生活者の価値観の多様化により、顧客のインサイトを捉えることが難しいと言われている。そんな中、エクシングは今年2月、「JOYSOUND池袋西口公園前店」でのみ新たな施策を開始した。最大公約数的なサービスではなく、1to1に近いサービスの場合はどのようなマーケティング戦略が必要なのか。経営戦略部の春日井氏と水口氏が解説する。
エクシング「貸出ミシンセット施策」
市場領域
カラオケ配信機器/カラオケルーム など
ターゲット(対象顧客)
コスプレイヤー/服飾関係の学生/主婦/日常的に裁縫を行う生活者
ターゲティングの肝
利用者の声に基づくアイデアと仮説設計
コミュニケーション手法
・店舗でのチラシ掲出
・SNS
・リリース
目的は歌うだけではない 変化するカラオケの利用シーン
カラオケ配信機器ブランドの「JOYSOUND」やカラオケルーム事業を展開するエクシング。コロナ禍で厳しい状況に立たされたカラオケ事業だが、それ以前からカラオケの新しい楽しみ方や利用方法を提案すべく、多くのサービスをローンチしてきた。最近では、カラオケルームで映画やアニメ、お笑いなどの映像視聴が楽しめる「みるハコ」を展開。サービスごとに対象顧客が異なることもあり、ターゲットは従来のカラオケ利用者にとどまらず、ビジネスパーソンやアニメ・アイドル好き、いわゆる“オタク”の生活者など多岐にわたっている。
「カラオケでミシン」着目したのはコスプレイヤー
そんな中、エクシングが2022年2月から開始したのは「ミシンの貸し出し」。カラオケルームの料金に1000円をプラスすることで、ミシンが利用できるというものだ。

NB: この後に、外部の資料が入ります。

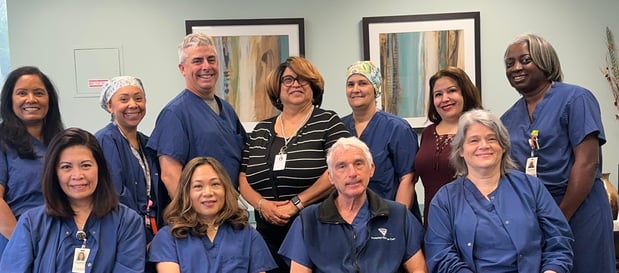 Images Pacific Interventional Vascular Access Center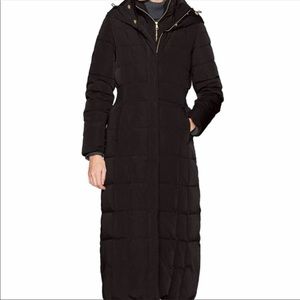Cole Haan Puffer Coat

サービスの展開は、エクシングが運営する「JOYSOUND池袋西口公園前店」でのみ開始した。
なぜ、エクシングはカラオケでの「ミシンの利用」に着目したのか。企画の発案者である経営戦略部の水口裕香氏と、上長である春日井文敬氏はサービス開発の背景について、ミシンの利用者としてのコスプレイヤーの存在が大きかったと話す。
「コロナ禍でカラオケルーム自体が休業を余儀なくされ、大勢で歌うことができなくなりました。そんな中、カラオケ以外の来店動機を社内全体で模索してきましたが、ミシンに着目する切り口のひとつとして考えたのが『コスプレイヤー』の存在でした」(春日井氏、水口氏)。
メインターゲットとしてコスプレイヤーに着目した理由は、ミシンの利用頻度にあったと水口氏。主婦の利用イメージが強いミシンだが...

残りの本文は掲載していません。